7. „Vegan? Das könnt ich nicht!“
Der Milchkaffee am Morgen, eine Käsepizza im Restaurant, ein Grillabend mit Freuden: Es sind oft die kleinen Dinge im Leben, die dich erfreuen und darauf möchtest du natürlich nicht verzichten. Hier gehtes, wie bei vielem, um Gewohnheiten. Und diese zu verändern, ist bekanntlich schwer. Immer. Umso schwerer, je länger man ihnen nachgegangen ist. Täglich Sport machen, mit dem Rauchen aufhören, die Ernährung umstellen – alles schwierig, aber nicht unmöglich. Doch Hand aufs Herz: Wie oft hast du es schon ernsthaft versucht? Auch hier gilt: Eine Umstellung muss nicht zu 100 Prozent über Nacht stattfinden. Einfach mal zusätzlich zur Wurst einen Gemüseaufstrich kaufen, probieren und beim nächsten Mal die Wurst vielleicht weglassen. Welche Milchalternative schmeckt mir? Mag ich Tempeh? Kann man Kartoffeln auch mit Sojaquark essen? Man muss schon auch mal was ausprobieren, um zu wissen, ob man es kann. Es gibt so vieles zu ent decken. Wenn du dein Verhalten änderst, ändern sich auch deine Gewohnheiten. Und wenn du am Ende ein glühender Fan der veganen Küche geworden, aber immer noch süchtig nach Käse bist, heißt das ja nicht, dass du dir Schinken aufs Brot legen und Milch in den Kaffee gießen musst. Jeder Schritt zählt.

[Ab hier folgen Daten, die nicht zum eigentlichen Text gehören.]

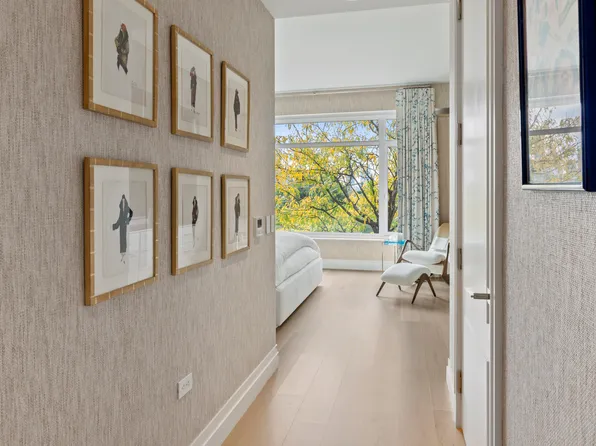 70 Vestry Street image 7 of 13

Eine spürbare Reduzierung beim Konsum von Tierprodukten kann weitreichende Folgen ermöglichen. Klasse statt Masse, bessere Preise für die Erzeuger, bessere Haltungsbedingungen für die Tiere, weniger Exporte, weniger Ressourcen- und Flächenverbrauch. Die Universitäten Göttingen und Hohenheim stellten bereits 2013 fest, dass bereits eine Verringerung des Fleischkonsums um 20 Prozent in den Industriestaaten „zu einer spürbaren Verbesserung der Ernährungssituation in Entwicklungsländern“ führen könnte. Vegan oder nicht, das könnte jede*r schaffen.

8. Vegan und dann Sojawürstchen essen – warum eigentlich (nicht)?

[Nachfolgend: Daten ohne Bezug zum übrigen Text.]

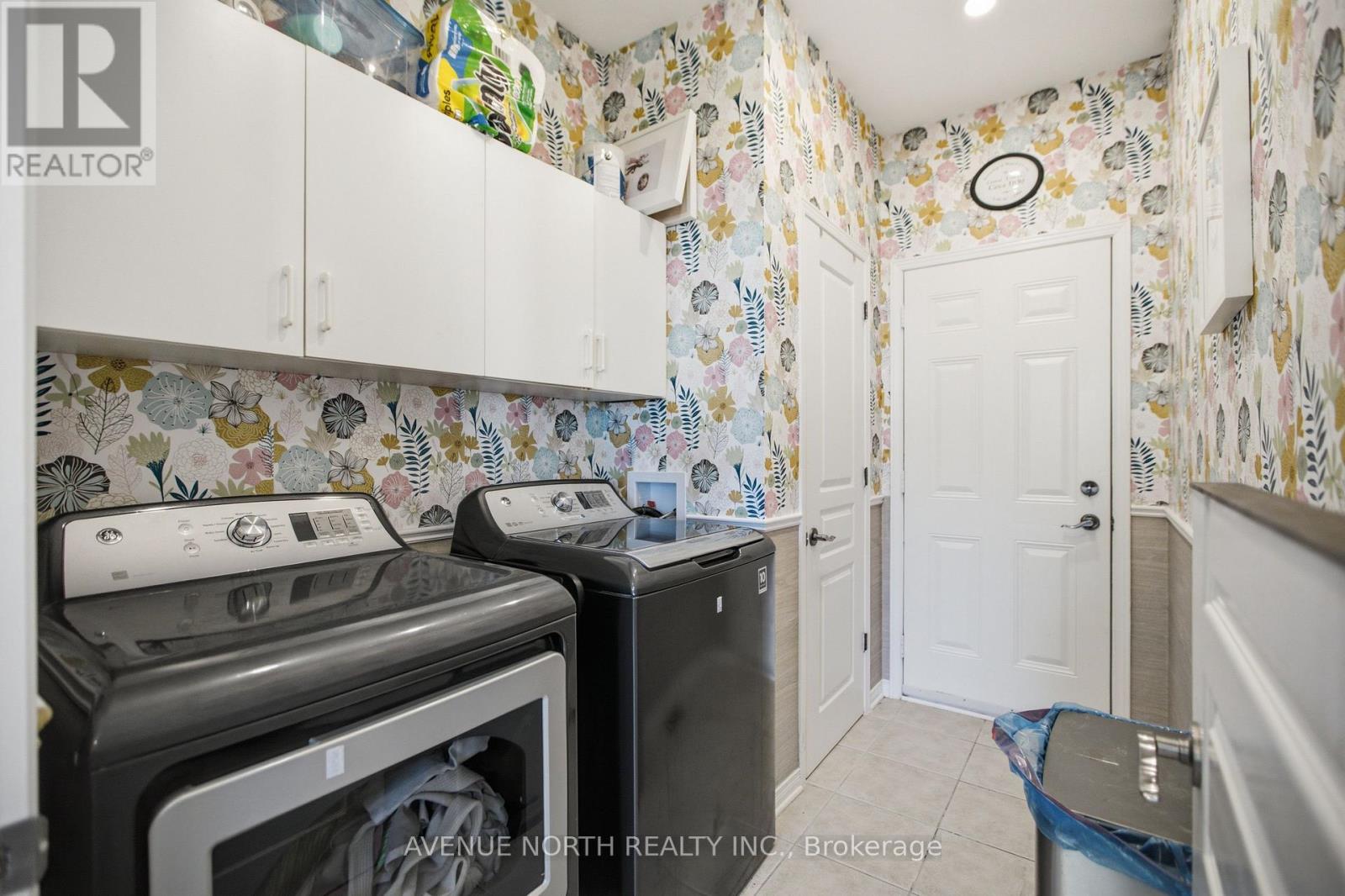 556 MAZARI CRESCENT - 16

Puuh … also was ist eigentlich eine Wurst? Gemeinhin versteht man darunter tierisches Material, im Regelfall nicht die erste Wahl, oft Abfall, kleingehäckselt und mit ganz viel Gewürz, am besten im Eigendarm in eine längliche Wurstform gepresst. Aha, die Wurst ist also eine Form! Eine, die sich offensichtlich als praktisch herausgestellt hat und die manche Fleischesser*innen offenbar nicht bereit sind zu teilen. Die Wurst als Privileg von Karnivoren? Aber wieso? Unser Essen wird fast ausnahmslos von uns geformt, ja sogar designt. Was wir nicht in seine Einzelteile zerlegen und neu zusammensetzen (z.B. Kuchen backen), wird mindestens zurechtgeschnippelt. Die EU bog sogar Gurken gerade. Und ist die Gurke nicht eigentlich auch eine Wurst – aus Gurke? Baguettes sind Würste aus Hefeteig, Nudeln sind Würste aus Hartweizengrieß, Schupfnudeln sind Würste aus Kartoffeln, Geflügelwürstchen sind Würste aus Geflügel und Tofuwürstchen sind Würste aus Tofu. Was ist das Problem? Die Form hat z.B. Vorteile in der Handhabung. In der Pfanne machen sich Tofukrümmel ja noch ganz gut, auf dem Grill oder in der Semmel wird das Ganze aber schon etwas unpraktisch. Schon mal Hackfleisch gegrillt (nicht als Burger gepresst)? Eben. Außerdem kommt hier wiederum der Gewohnheitsfaktor ins Spiel. Würste aus geschreddertem Soja kann man ähnlich zubereiten und verzehren wie Würste aus geschreddertem Tier. Als Mensch der in einer Umwelt aufgewachsen ist, die regelmäßig Tierprodukte konsumiert, bietet das Orientierung. Man weiß etwas damit anzufangen. Mit Proteinbrei aus Pflanzen müsste man erst lernen umzugehen. Das sind die Gründe, warum Menschen Tofuwürstchen essen, nicht weil sie so tun wollen, als wäre es Tier. Und ganz ehrlich, am Ende wird aus jeder Nahrung eine Wurst – das ist dann wieder okay?